I was diagnosed with obsessive-compulsive disorder when I was ten years old. I was bullied in elementary school and rejected in junior high. By the time I got to high school, I was painfully shy and my self-esteem was in the toilet. It wasn’t long before I started sinking into a deep depression, and a year after graduation I tried to kill myself.

This is not a story that’s easy to tell. Because of the stigma that still exists, I take the chance of having doors closed on me for talking about my mental illness. But talking about it is exactly what needs to be done, if we want to change the attitudes that perpetuate this stigma in the first place. By talking about it, we’re opening doors for all those children and teenagers out there, who may have never thought it was okay to speak up, who may desperately want help but have no idea where to turn. By sharing my story, I want to give them hope. I want to shatter the silence that keeps them prisoners in their own minds, and tell them that they deserve health and happiness, that they can get their lives back, and that giving up is never the answer.

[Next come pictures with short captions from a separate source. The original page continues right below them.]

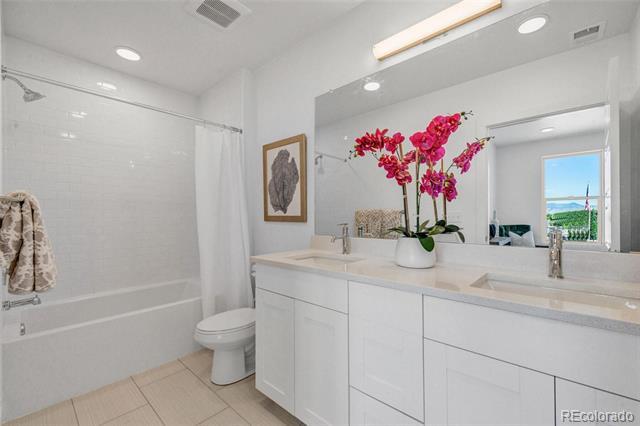 Building Photo - 2899 W 52nd Ave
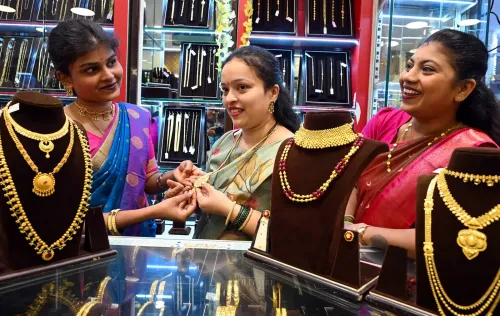 दिवाली से पहले सोना ₹1,41,753 पर, चांदी ₹3,730 टूटी; फेड रेट हाइक की आशंका से MCX पर दबाव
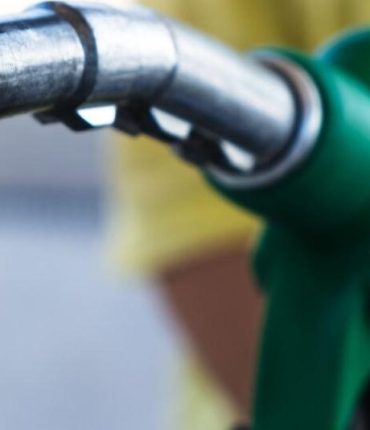 Carburant : Leclerc obtient une baisse de 30 centimes par litre après négociation directe avec les raffineurs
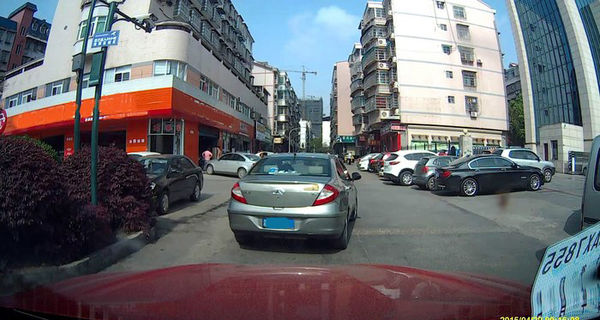 如何為寶馬X3安裝隱藏行車記錄儀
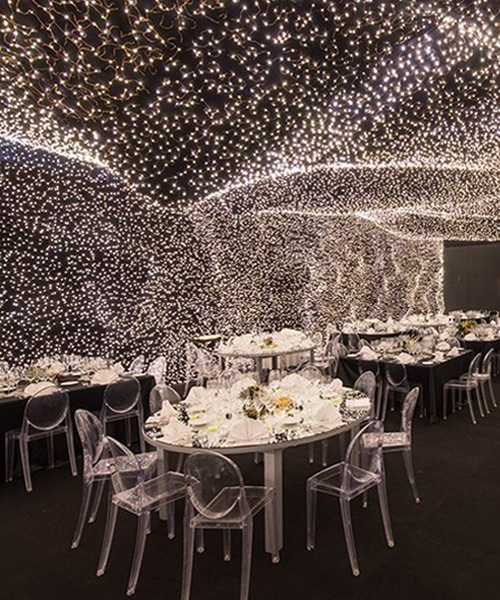 250,000 luces LED iluminan restaurante 'interestelar' en Ciudad de México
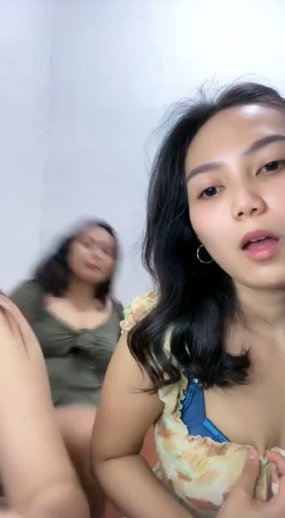 looking makes it uuhhooott_71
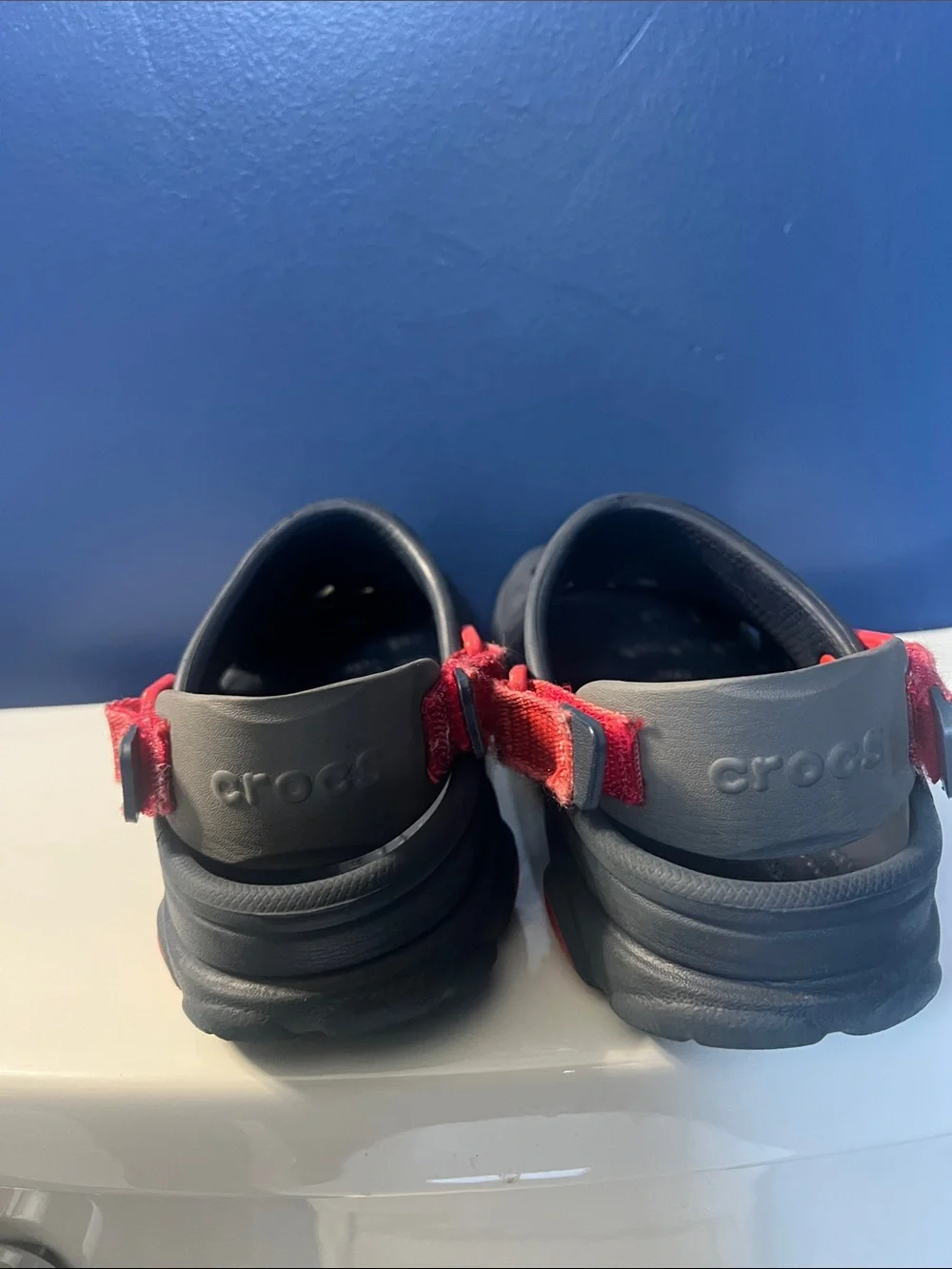 CROCS Kids Navy Clog with Red Heel Strap J3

This was my first year with Stop the Stigma, and the impact was amazing. Over and over I kept thinking to myself: ‘I wish every school was participating in something like this!’ Mental health is one of the most important issues facing today’s youth, but unfortunately, it’s been one of the least talked about. I’m so excited to be a part of the movement that’s helping to change that. Many students approached me after the presentations, to share their personal struggles and express their desire for help. I was so impressed by the courage of these remarkable young people, reaching out from a place of despair and self-doubt to grab hold of the lifeline of hope. Some agreed to talk to a counselor for the very first time. Others renewed their commitment to continue with treatment and therapy, after hearing how important this was, and continues to be, in my own recovery.  

Bringing mental health awareness into the schools also gave teachers the opportunity to have an open dialogue about these issues with their students. I heard about one class that discussed the phenomenon of self-harm, after attending their school’s assembly. Other teachers felt more equipped to incorporate coping skills into the curriculum. And students felt more comfortable talking openly about mental illness and stigma, with each other and with the adults in their lives. Many had friends and family members that were showing symptoms of a mood disorder, and learning more about these illnesses gave them the confidence to help and support the people they care about.

What excites me most about Stop the Stigma is the number of lives we touch along the way. For so many, these assemblies and school events were full of life-changing moments. Each person who learns something new, who gains insight, empathy, and understanding, who makes the decision to reach out for help, all these people go on to touch more and more lives, in an incredible ripple effect with a far-reaching impact. I’m so honoured to be a part of it. After so many years of suffering, I’ve been able to turn a profoundly negative experience into something positive and inspiring, something that changes many lives, including my own. It’s by far the best thing I’ve ever done.